Author
Adrienne Kress
Publication Date
January 12, 2009
ISBN
978-1-60286-023-0
1-60286-023-8
Format
Hardcover
Category
Young Readers Fiction




TIMOTHY & THE DRAGON'S GATE:
Excerpt
“In which we meet Timothy Freshwater on the day he is expelled from the last school in the city.

Timothy Freshwater was used to people telling him he was too smart for his own good. No, not quite used to it, more like bored with it. Every parent/teacher conference it was the same thing:

“That lad is bored, that’s the problem.”

“Timothy knows too much; have you been reading to him?”

He would stare past whichever teacher it was this year and cross his eyes so his vision would get all blurry. And whichever teacher it was, they too blurred all together, would drone on and on about his potential. That really he would be a lovely boy, if only, he would... you know... and they would give him a hasty glance... apply himself.

Whatever.

Because Timothy knew the truth. What worried his teachers wasn’t that he was too smart for his own good. What did they care if he was bored in class? The same could be said of two thirds of his peers. No, what worried them was that he was too smart, full stop. He was smarter than all of them, and this put them on edge. They shrank into corners when he walked down the hall, and they punished him whenever they got the chance, and that’s why they expelled him. Time after time. Sure, at Reeling Comprehensive they said it was because he stuffed Dirk Walker into his locker. And at The Fortunate School for Boys it was because he carefully placed steaming dog droppings in his year-five teacher’s briefcase. It wasn’t because he organized a student walkout protesting the removal of chips from the school lunch menu at Central Tech. Oh, and it most definitely was not because he plastered posters around the school of the headmaster of Arlington Elementary kissing the art teacher.

No.

It was because he was smarter than them all and they knew it. And it terrified them. In year three, for example, he had tormented his teacher by answering all the math problems on the chalkboard before the Mr. Inklemeyer had finished drawing the equals sign. It had become a bit of a race, and had resulted in Mr. Inklemeyer’s spraining his index finger in his haste to beat Timothy to the punch. There was that year-four science class when he had drawn an anatomically correct picture of Mr. Plink, complete with labels, and made a photocopy for everyone. And then of course there had been Timothy’s rather short-lived glory of winning the creative writing award in year two, when a supply teacher pointed out his piece on the Happy Chipmunk was actually an allegory for something far more sinister.

Yes, they were all petrified of him, sitting there in the back row, scrutinizing them carefully. Never knowing when he would strike next. He would rock back and forth in his chair, making sure it squeaked ominously. He always found a chair that squeaked ominously. He was so good at squeaking that he managed to make year-six teacher number two burst into tears.

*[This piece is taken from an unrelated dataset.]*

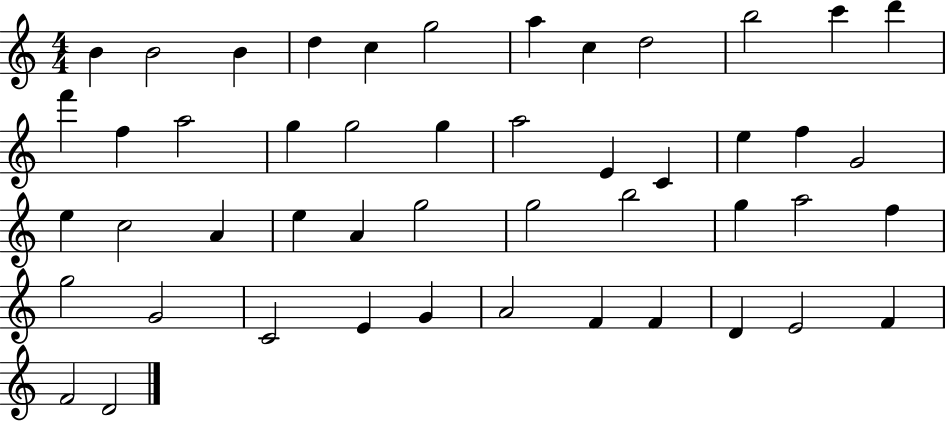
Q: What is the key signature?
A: C major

Well, bully for her. He wouldn’t sit idly by and let them smugly tell him what was what, when they didn’t really know themselves. They knew what was in their textbooks, but if you asked them questions, real questions, then they’d crumple onto the floor. Timothy used the Socratic method. He asked questions he knew the answers to just to get a rise out of them.

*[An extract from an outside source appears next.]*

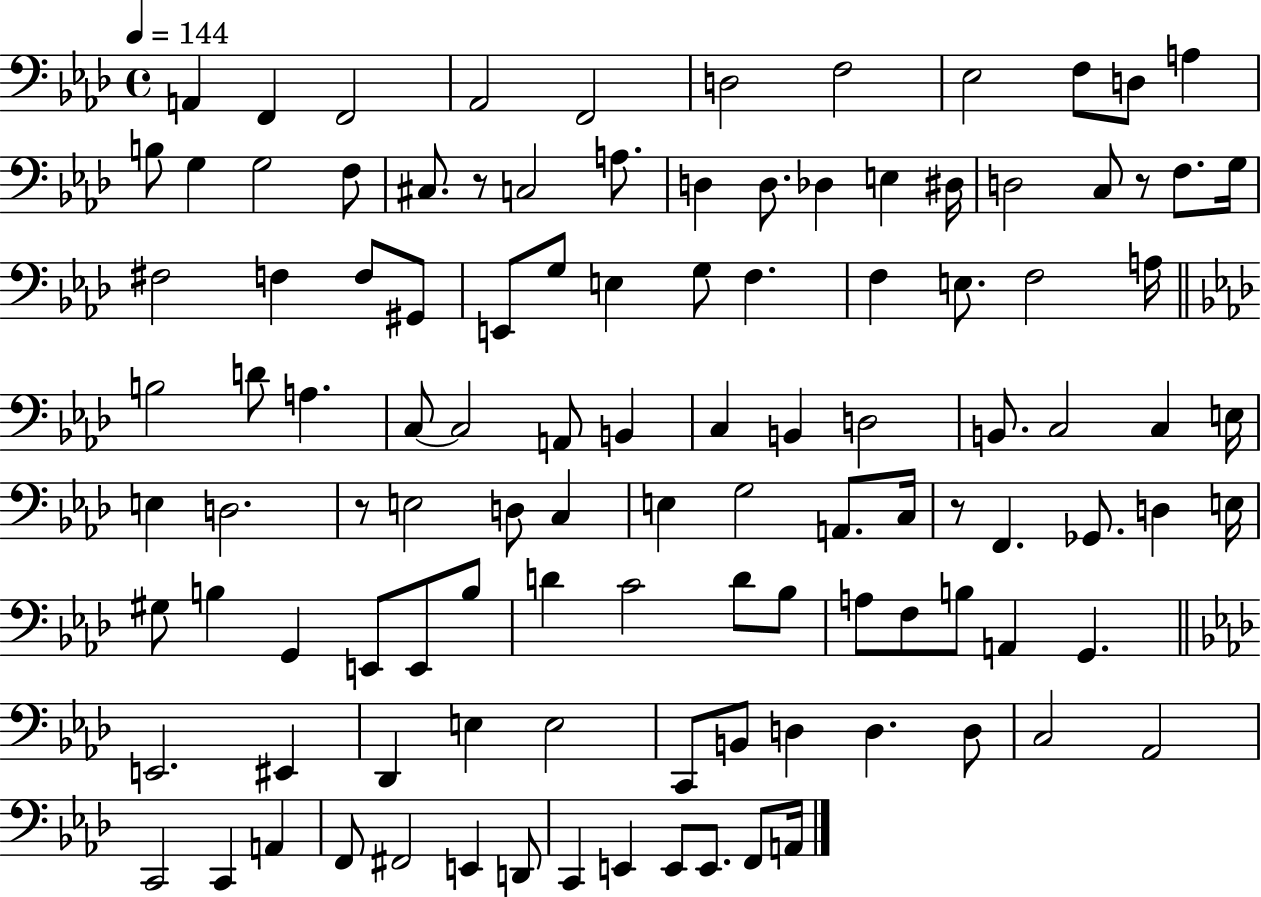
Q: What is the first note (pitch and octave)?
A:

So, of course, it was no surprise when he was finally expelled from Montgomery.

“Well that’s that then,” said his dad, squinting over his steering wheel and taking a left turn rather abruptly. “There are officially no more schools left. You must be really proud of yourself.”

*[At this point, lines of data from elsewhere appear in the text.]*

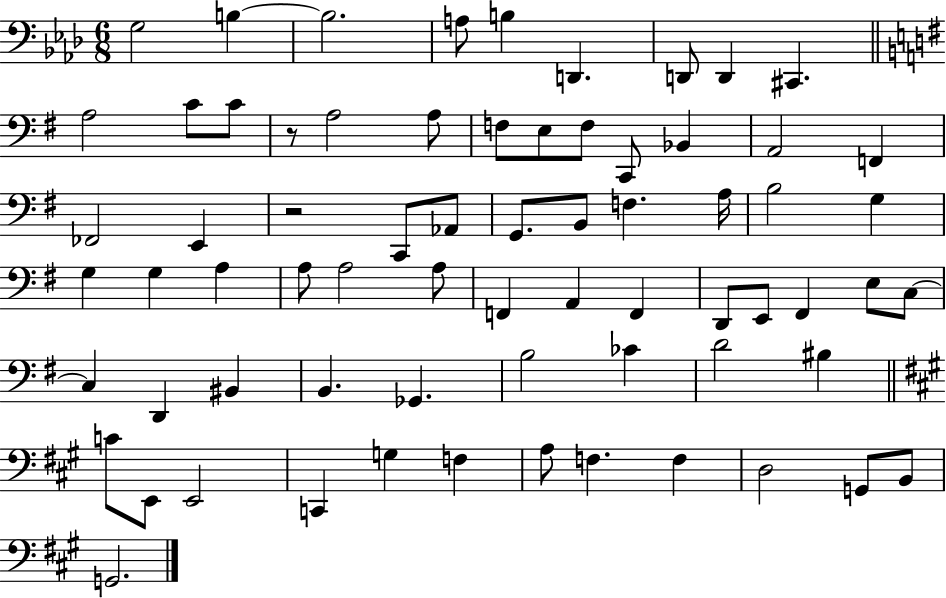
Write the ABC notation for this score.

X:1
T:Untitled
M:6/8
L:1/4
K:Ab
G,2 B, B,2 A,/2 B, D,, D,,/2 D,, ^C,, A,2 C/2 C/2 z/2 A,2 A,/2 F,/2 E,/2 F,/2 C,,/2 _B,, A,,2 F,, _F,,2 E,, z2 C,,/2 _A,,/2 G,,/2 B,,/2 F, A,/4 B,2 G, G, G, A, A,/2 A,2 A,/2 F,, A,, F,, D,,/2 E,,/2 ^F,, E,/2 C,/2 C, D,, ^B,, B,, _G,, B,2 _C D2 ^B, C/2 E,,/2 E,,2 C,, G, F, A,/2 F, F, D,2 G,,/2 B,,/2 G,,2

Timothy shrugged. “Whatever.”

So there you go. You’ve now met Timothy Freshwater, the boy who knew too much for his own good. But perhaps this description isn’t entirely accurate. In fact, I would say that Timothy Freshwater didn’t truly know how much he actually knew. And how much good what he knew would turn out to be. At least not yet. See, he had never met a dragon. But he was about to. And that would make all the difference.”